[AOT] Supporting BYOC kernels in unpacked interface api

The implementation of the unpacked interface api for the AoT codegen is very great and has advantages over the traditional packed calling convention.

I realized that the usage of BYOC kernels in combination with the unpacked interface is currently not supported, probably because of the lack of an interface to let the codegen know which entry point shall be generated.

Are there any plane to get rid of that limitation in the future?

I came of with the flollowing “ideas”:

The simplest approach would probably be generating BYOC entry points for both types of interface using different function names and let the AoT codegen decide which function name to use for the call depending on the chosen interface. (e.g use _packed suffix for packed interface)

Another option would be adding a way to pass the information on the required interface to the BYOC codegen which when can generate the appropriate entry point. This might be more complicated but such interface could eventually be used for other features as well in the future.

1 Like

CC @Mousius @giuseros @areusch @tqchen

Hi @PhilippvK,

Thanks for putting up a thread on this, it has definitely occurred to me and I believe the solution is hidden in plain sight :smile_cat:

BYOC can support the unpacked API if you change your BYOC code generator to output the arguments with the correct signature, (void* arg0, void* arg1, void* arg2) instead of the packed function (TVMValue* args, int* type_code, int num_args, TVMValue* out_value, int* out_type_code).
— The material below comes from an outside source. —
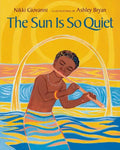 The Sun Is So Quiet - Paperback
This then means your BYOC output will only support the unpacked API, which may or may not be desirable, I’d suggest your option B of adding the information to BYOC via options specific to the code generator would be the fix here (see: BYOC Options)?

Improvements to this are underway with the combination of Target Hooks and Migrating Target Attributes to IRModule, this combination means the configuration for when to use the unpacked API will be available to RelayToTIR and TIRToRuntime via one of:

  • TVMs default selection of packed vs unpacked in driver_api.cc as it processes the TIR
  • Custom code generation logic which can inspect the IRModules configuration

There’s still an issue here with full RelayToRuntime transformations which only take the Function and no reference to the IRModule - this should eventually be considered but I haven’t got that far yet :smile_cat: Ideally we’d give a full module Pass which consumes the relevant BYOC passes and gives them a full module view.

@PhilippvK thanks for pointing this out. It seems like the “correct” immediate fix would be to pass the Target string to the BYOC backend. However, I’m not sure that’s the right thing to do (it could be)–because the --unpacked-api parameter really shouldn’t belong there. We intend to move it elsewhere e.g. creating a runtime-config struct.

cc @mbs-octoml @jroesch who are involved with this effort.

Makes sense that all passes – whether built in or contributed via a hook mechanism – should see the same compilation configuration, which includes the actual Target object for post-lowering passes.

https://github.com/apache/tvm-rfcs/pull/29 suggests conveying that via the IRModule attributes. I’m leaning towards passing around a ComplierConfig which every Pass (and non-Pass-signature hooks) get passed.